Jimmy Wales, the founder of not-for-profit Wikipedia and for-profit, San Mateo, Calif.-based Wikia is part of a growing number of people who are discomforted by the growing control Google has over search. And he is doing something about it. His company, Wikia, last week bought the distributed crawler Grub from LookSmart and plans to make it available in open source. Not that LookSmart was really using it anyway — and they also did ad business with Wikia.
Wales’ bet: like Linux became a migraine for the monopolist of the last generation, open-source search tools will keep companies like Google honest. It is not an easy task, for Google is firmly embedded into our digital lives.
“Search is part of the fundamental infrastructure of the Internet. And, it is currently broken,” Wales said back in December 2006, when Wikia launched Search Wikia effort. “Why is it broken? It is broken for the same reason that proprietary software is always broken: lack of freedom, lack of community, lack of accountability, lack of transparency.”
Wales launched Search Wikia earlier this year, and the Grub acqusition is part of that strategy. (You can run Grub on your Windows or Linux-based PC, either in the background or as a screensaver.) Following the announcement, we spoke with Wales, who outlined that with Grub, and other tools such as Lucene, an open-source indexing software, innovation around search can thrive.
By marrying these search results and the human context provided by Wikia wikis, the final search results could actually become useful once again. Grub, Lucene and Nutch (a web crawler based on Lucene) are the powder and spark of the open search revolution.
Grub is not by any means the final move, and should be viewed as a first concrete step in a long-term strategy. Jeremie Miller, inventor of Jabber and XMPP protocol, who is leading the Search Wikia efforts
(and also CTO of Wikia) gave a talk at OSCON about the architecture of open-source search. Miller pointed out that the monolithic search can be broken into three components, and interested parties could implement one or more of the three components.
The three components are – factories that crawl, present and present content; collectors who rate and rank content from multiple sources; and brokers who direct user queries to the collectors or factories. Miller believes that this is a five-year process. Grub is one of the many components that will be needed for building a truly open-source search infrastructure. The biggest hindrance to any search start-up taking on Google (or Microsoft, Ask or Yahoo for that matter) is the high cost of infrastructure.

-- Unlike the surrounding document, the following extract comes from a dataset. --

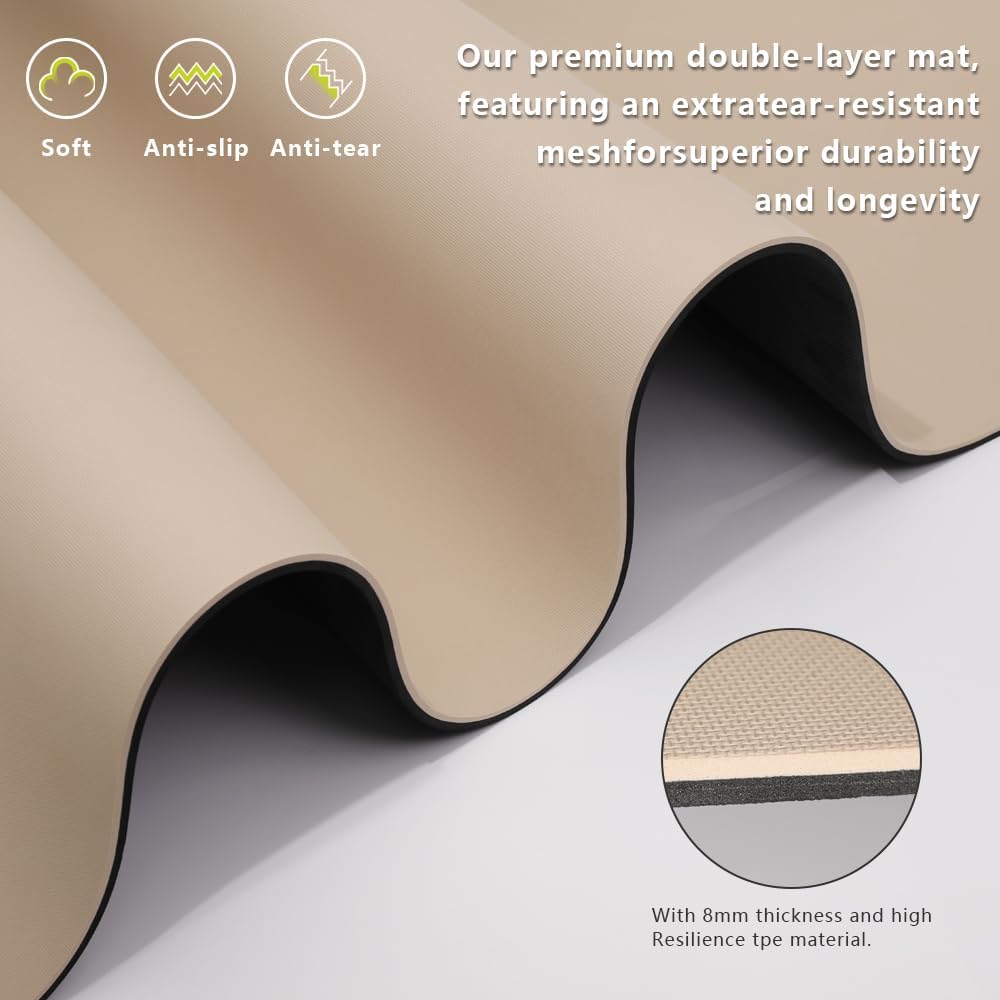 Large Yoga Mat - 80CM Wide Yoga Matt Non-Slip Thick 1/3 Inch Eco-Friendly Exercise Mat with Carrying Strap for Women Yoga, Pilates, Home Workouts (72x32") Milk coffee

Sure Amazon’s EC2 service has helped, but it isn’t enough. Google, thanks to its money machine, has been able to build an infrastructure that lets it crawl, index and show results at a faster pace. Even if a start-up comes up with a better alogrithm, it still needs to sink millions into infrastructure to just get into the business, and offer as fast of an experience as most people associate with Google.
Grub, on the other hand, is a way to build a massive, distributed user-contributed processing network. Another nascent but promising open-source P2P search engine, Yacy, coming out of Germany. (Also check out Faroo, a German P2P search start-up.)
Can it work?
Wales faces an uphill climb. First he has to ensure that there are enough people using Grub, and are more importantly, are hacking enhacements to the software. At the same time, he has to address other concerns, as pointed out by this commentator on the Search Engine Land and other blogs.
While Google might be impossible to beat in a full-frontal assault, it is vulnerable to smaller, more focused attacks. While Linux may not have been able to kill Microsoft, it has stolen opportunities from the OS giant. It has been particularly effective in the Internet infrastructure (data centers.)
Open source search can do precisely the same – take away opportunities from large search engines. Perhaps, like with Linux, we will see a shift away from Google, and venture capitalists, for long scared by the prospect of competing with Google, will loosen their purse strings.
If Linux ended up spawning devices as diverse as TiVo and mobile phones, open-source search can lead to many more specialized search engines, also called vertical search engines. Today, the cost of building a good vertical search engine is millions of dollars. However, building and operating a vertical search engine is not for the faint of the heart.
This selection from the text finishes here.